帝国とて同じく窮している。ツァナデフォルとの戦いは一進一退。そんな中でルデクにも喧嘩をふっかけたのだ。田舎の狂犬めが、我々のエサに簡単に喰いつきおって。
あの調子では、ルデクだろうがどこだろうが、そう簡単に関係が改善することなどない。
帝国はリフレアと関係を悪化させるわけにはいかないのだ。我が国がルデクと軍事同盟を表明したところで、ただ指を咥えているしかなかったのがその証明であろう。
今回も適当に皇帝の機嫌をとって終わり。それよりも謁見後の、宴の方が重要だ。
イリエクスの考えている宴は、皇帝との晩餐ではない。後日ファスティス達が用意する、本国では聖職者の肩書きでままならない方の遊びのほうである。
イリエクスだけではない。同行した一行は押し並べて同じようなことを考えていた。
なお、ファスティスを使って第三皇子を唆し、帝国とルデクが開戦したと見るや皇帝に不戦の密約を持ちかけたのは、無論イリエクスの知恵ではない。全て、サクリが段取ったものだ。

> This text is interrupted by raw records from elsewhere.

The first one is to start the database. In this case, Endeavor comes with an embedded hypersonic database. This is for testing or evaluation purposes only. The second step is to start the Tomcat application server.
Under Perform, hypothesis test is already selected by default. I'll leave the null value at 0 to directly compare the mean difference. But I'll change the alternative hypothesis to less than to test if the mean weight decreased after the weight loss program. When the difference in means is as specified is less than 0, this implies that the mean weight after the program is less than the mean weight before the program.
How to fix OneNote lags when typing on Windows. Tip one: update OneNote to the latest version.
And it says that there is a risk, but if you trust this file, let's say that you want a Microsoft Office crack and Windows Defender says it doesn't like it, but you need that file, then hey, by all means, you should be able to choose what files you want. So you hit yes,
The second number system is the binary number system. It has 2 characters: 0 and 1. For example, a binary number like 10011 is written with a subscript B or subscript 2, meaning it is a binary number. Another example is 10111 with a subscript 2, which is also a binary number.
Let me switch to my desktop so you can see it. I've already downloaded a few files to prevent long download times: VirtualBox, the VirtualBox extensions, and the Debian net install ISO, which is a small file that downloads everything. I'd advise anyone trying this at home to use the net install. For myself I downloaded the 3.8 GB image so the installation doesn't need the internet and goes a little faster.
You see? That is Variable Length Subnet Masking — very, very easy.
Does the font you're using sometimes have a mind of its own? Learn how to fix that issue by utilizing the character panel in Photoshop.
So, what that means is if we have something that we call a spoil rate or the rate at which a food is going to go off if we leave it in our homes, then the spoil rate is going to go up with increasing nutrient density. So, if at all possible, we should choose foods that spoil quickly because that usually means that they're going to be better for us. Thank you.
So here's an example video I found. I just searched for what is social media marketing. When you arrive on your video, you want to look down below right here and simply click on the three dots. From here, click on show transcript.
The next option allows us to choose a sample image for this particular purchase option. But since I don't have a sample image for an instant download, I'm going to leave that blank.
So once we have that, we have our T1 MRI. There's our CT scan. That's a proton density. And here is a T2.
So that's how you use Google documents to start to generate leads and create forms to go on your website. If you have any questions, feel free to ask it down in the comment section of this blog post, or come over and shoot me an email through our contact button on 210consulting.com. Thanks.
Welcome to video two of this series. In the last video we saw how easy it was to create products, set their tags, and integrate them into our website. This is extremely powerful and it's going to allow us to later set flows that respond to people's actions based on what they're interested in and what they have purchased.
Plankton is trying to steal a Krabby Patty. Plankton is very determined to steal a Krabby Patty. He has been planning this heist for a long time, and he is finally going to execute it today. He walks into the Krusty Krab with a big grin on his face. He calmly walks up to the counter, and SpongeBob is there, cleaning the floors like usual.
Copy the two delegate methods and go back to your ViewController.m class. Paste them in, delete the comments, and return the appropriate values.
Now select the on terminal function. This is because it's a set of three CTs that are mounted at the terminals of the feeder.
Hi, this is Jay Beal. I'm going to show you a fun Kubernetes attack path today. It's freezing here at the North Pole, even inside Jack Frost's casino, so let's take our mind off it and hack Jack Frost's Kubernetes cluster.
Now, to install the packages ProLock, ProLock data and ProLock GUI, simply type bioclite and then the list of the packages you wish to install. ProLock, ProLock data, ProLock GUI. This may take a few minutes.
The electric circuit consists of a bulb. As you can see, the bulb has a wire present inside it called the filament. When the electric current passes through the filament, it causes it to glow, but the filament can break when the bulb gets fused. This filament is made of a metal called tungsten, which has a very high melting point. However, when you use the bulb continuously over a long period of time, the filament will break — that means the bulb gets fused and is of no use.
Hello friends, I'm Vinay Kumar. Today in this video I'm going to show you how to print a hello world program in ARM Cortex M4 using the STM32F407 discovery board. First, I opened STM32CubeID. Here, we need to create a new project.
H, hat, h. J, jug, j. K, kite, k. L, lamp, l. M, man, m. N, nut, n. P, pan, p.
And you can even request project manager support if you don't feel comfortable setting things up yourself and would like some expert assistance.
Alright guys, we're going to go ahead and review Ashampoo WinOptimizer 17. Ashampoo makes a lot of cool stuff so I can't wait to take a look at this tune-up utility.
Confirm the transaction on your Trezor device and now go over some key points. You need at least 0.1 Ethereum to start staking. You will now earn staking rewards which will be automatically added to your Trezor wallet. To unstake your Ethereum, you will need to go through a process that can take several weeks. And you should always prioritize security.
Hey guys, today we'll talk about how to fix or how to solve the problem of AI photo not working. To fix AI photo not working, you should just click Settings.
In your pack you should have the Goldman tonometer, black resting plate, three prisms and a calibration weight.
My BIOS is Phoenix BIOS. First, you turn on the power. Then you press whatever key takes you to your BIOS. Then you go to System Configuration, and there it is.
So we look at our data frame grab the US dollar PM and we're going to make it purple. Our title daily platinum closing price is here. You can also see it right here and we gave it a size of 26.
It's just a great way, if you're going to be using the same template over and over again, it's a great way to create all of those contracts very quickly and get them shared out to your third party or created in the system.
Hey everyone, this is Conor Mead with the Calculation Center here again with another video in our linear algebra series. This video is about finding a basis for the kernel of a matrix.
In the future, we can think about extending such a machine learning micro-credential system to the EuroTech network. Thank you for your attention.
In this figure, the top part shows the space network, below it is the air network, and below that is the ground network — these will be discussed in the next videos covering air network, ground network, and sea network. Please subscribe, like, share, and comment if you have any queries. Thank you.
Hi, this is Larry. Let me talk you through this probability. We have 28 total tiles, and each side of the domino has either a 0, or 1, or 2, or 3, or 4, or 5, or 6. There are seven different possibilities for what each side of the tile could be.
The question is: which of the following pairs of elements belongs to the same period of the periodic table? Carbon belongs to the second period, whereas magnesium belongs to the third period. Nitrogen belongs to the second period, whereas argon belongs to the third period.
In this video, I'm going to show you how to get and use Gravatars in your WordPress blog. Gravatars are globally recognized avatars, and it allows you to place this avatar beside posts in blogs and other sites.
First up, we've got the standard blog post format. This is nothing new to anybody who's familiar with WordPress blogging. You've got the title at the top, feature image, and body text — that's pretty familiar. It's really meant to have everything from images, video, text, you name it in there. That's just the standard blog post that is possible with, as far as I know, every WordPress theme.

イリエクスはその後釜に居座っただけで、何一つ尽力していない。
イリエクスが大した人物でないと分かっているファスティスであったが、彼は彼で大いなる打算があった。
ファスティスにしてみれば、リフレアという後ろ盾を持って、ロカビル派と言うべき一大派閥を形成し、その頂点に立つことを目論んでいるのである。
その為には、酒と女をあてがっておけば不満を漏らさないイリエクスは、ファスティスにとって大変御し易い相手であった。
リフレアとの窓口として、帝国内で確固たる立場を築きつつあるファスティスは、その目論見通り、それなりの取り巻きをまとめつつあった。
だが、誤算がないわけではない。
肝心の第三皇子が、ファスティス達をそこまで重用していないことだ。遠ざけられているわけではないのだか、精々が通常の部下よりは覚えが良い程度の扱いなのである。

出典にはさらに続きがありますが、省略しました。